At 07:03:15 the drive woke up for “no reason”, but I think I found the problem in the daemon.log:
2016-02-27T07:03:15.608072+01:00 di=H10IhkTgem info dhclient: DHCPREQUEST on eth0 to 192.168.1.1 port 67
2016-02-27T07:03:15.611328+01:00 di=H10IhkTgem info dhclient: DHCPACK from 192.168.1.1
2016-02-27T07:03:16.799404+01:00 di=H10IhkTgem info dhclient: bound to 192.168.1.130 – renewal in 14999 seconds.

For now I switched the Network Mode to Static (instead of DHCP), and I’ll see if there is any progress.

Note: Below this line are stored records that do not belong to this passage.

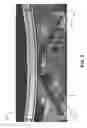 Fig. 06 - Automobile front upper body stablizer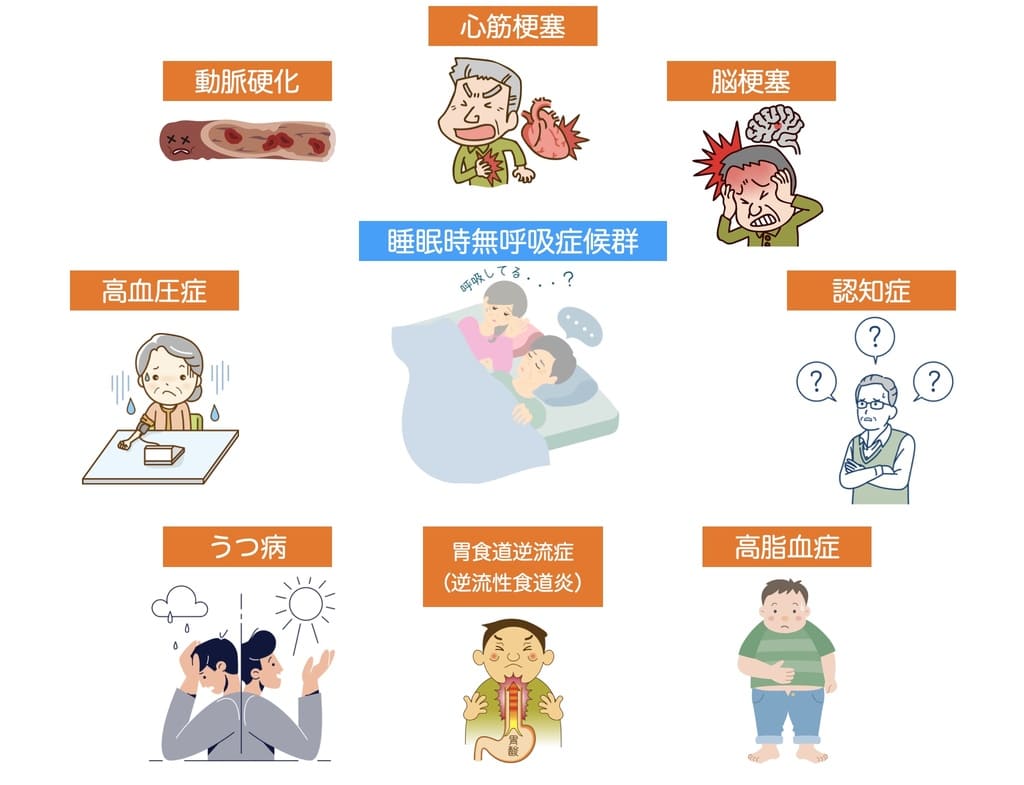 睡眠時無呼吸症候群の合併症の解説画像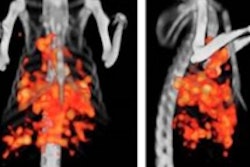 2017 05 11 11 11 06 448 Spect Ct Colorectal Jnm 200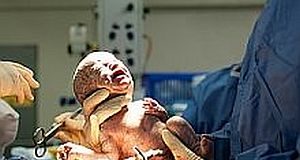 Women who deliver by C-section are less likely to conceive again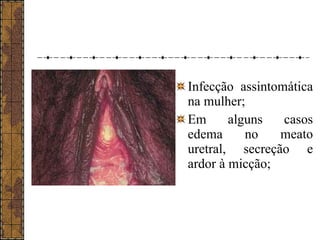 Infecção assintomática 
na mulher; 
Em alguns casos 
edema no meato 
uretral, secreção e 
ardor à micção; 
 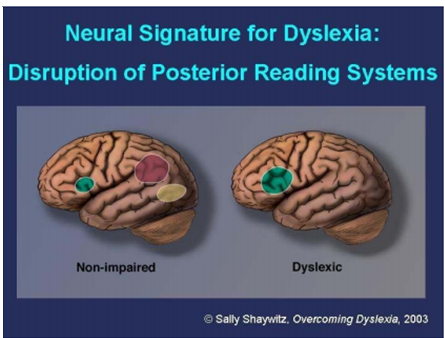 Reading Disability: Current Practices for Learning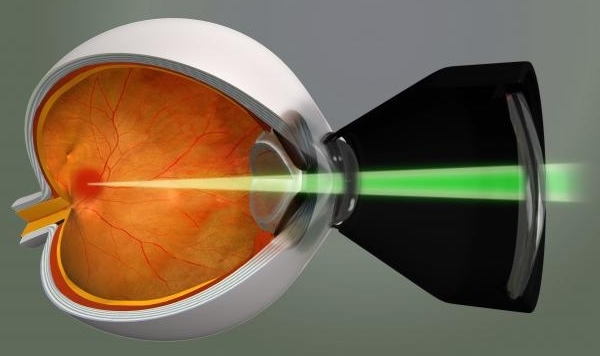 лечение диабетической ретинопатии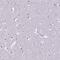 CT-2 antibody, NBP2-39094, Novus Biologicals, Immunohistochemistry paraffin image 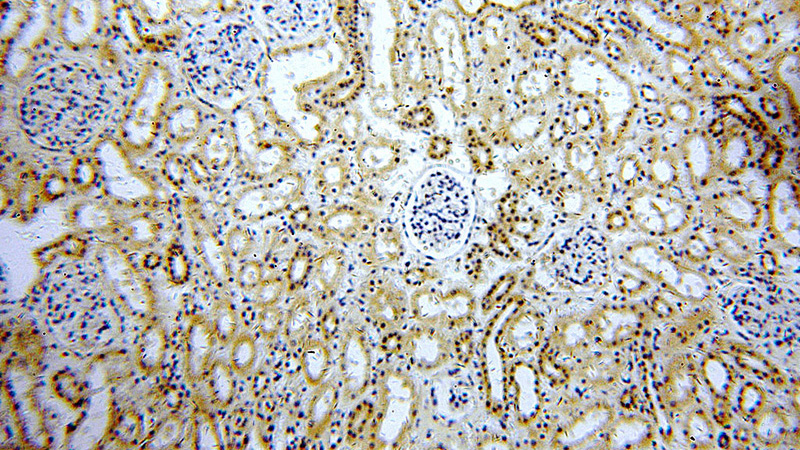 Immunohistochemical of paraffin-embedded human kidney using Catalog No:108738(C5orf44 antibody) at dilution of 1:50 (under 10x lens)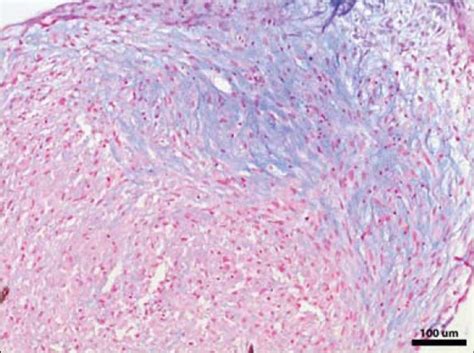 Alcian Blue Staining Confirming Chondrogenic Differentiation Of Ascs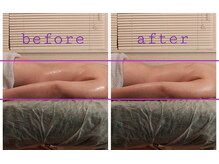 体の巡りが良くなり背中まわりのむくみが自然と軽くなります。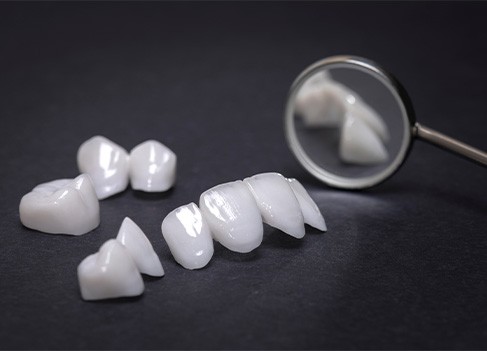 Example of veneers
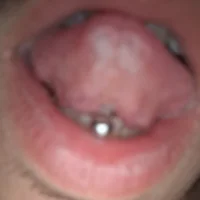 EttoreTrez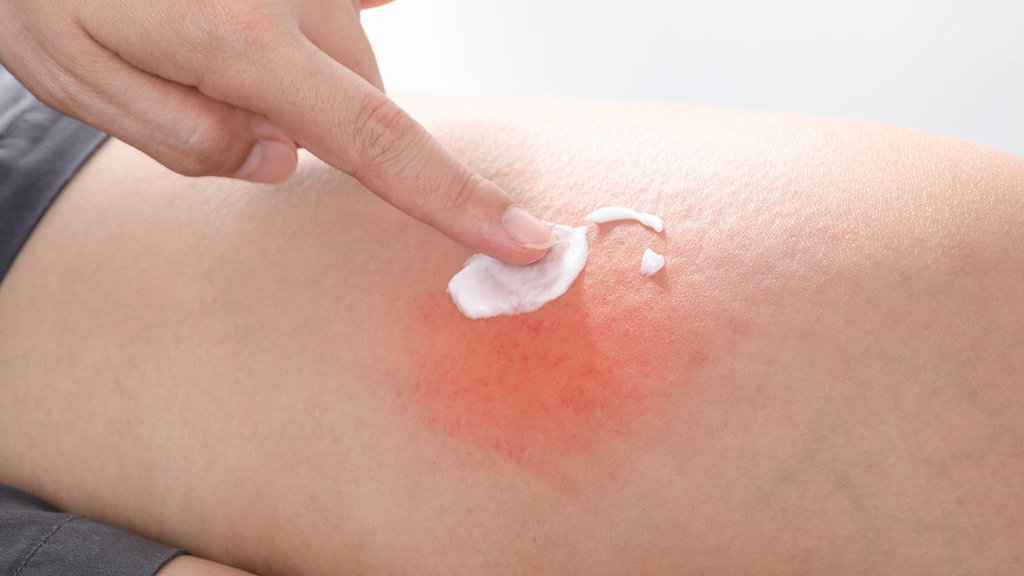 Ilustrasi Capcaisin Krim. foto/istockphoto Ilustrasi Capcaisin Krim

I also edited file: /etc/default/cron
and added the following line:
TZ=“America/Los_Angeles”

I’m not sure if it will work, but I wanted cron to do scheduled on 3:00 tasks at 18:00 my time (CET), It’s because I set on my smartphone automatic Camera folder sync, everyday at 18:00, so the drive has to wake up at that time anyway.

Does anybody know if cron does something really useful, or it could be safely disabled? I think it might also be the reason of some wake-ups.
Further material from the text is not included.